OK, here is what is going on. First, a LED is a current device so hold that thought. Now inside the SSR is a LED and in this case according to the data sheet that LED has a forward working voltage of 1.2 volts which is pretty typical and a forward working current of 20 mA or .020 Amp. If we were to directly apply 5 volts across the LED it would draw much greater current and burn up. So we need to limit the LED current. In this case limit that current to 20 mA. We know the LED forward voltage drop is 1.2 volts so if we apply 5 volts we can say 5.0 - 1.2 = 3.8 Volts. Therefore I can say 3.8 Volts / .020 Amp = 190 Ohms. This all goes back to Ohms Law.
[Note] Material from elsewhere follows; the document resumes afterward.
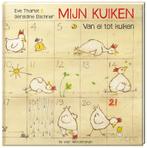 Mijn kuiken / Een Vier Windstreken prentenboek 9789051161588, Verzenden, Zo goed als nieuw, Géraldine Elschner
So now if we look at the circuit I posted above if resistor R1 is dropping 3.8 Volts and the SSR internal LED is dropping 1.2 Volts there is our 5.0 volts and the circuit current will be 20 mA. The small problem is that 190 Ohms is not a common off the shelf resistor. Common off the shelf values would be 180 Ohms or 200 Ohms. We could get by using either value. Generally the next higher value is selected so we would use 200 Ohms. Doing so will slightly lower the current but not enough to likely matter.
Yes, the current draw off the 5 volt pin or 5 volt supply will be limited to 20 mA.
Ron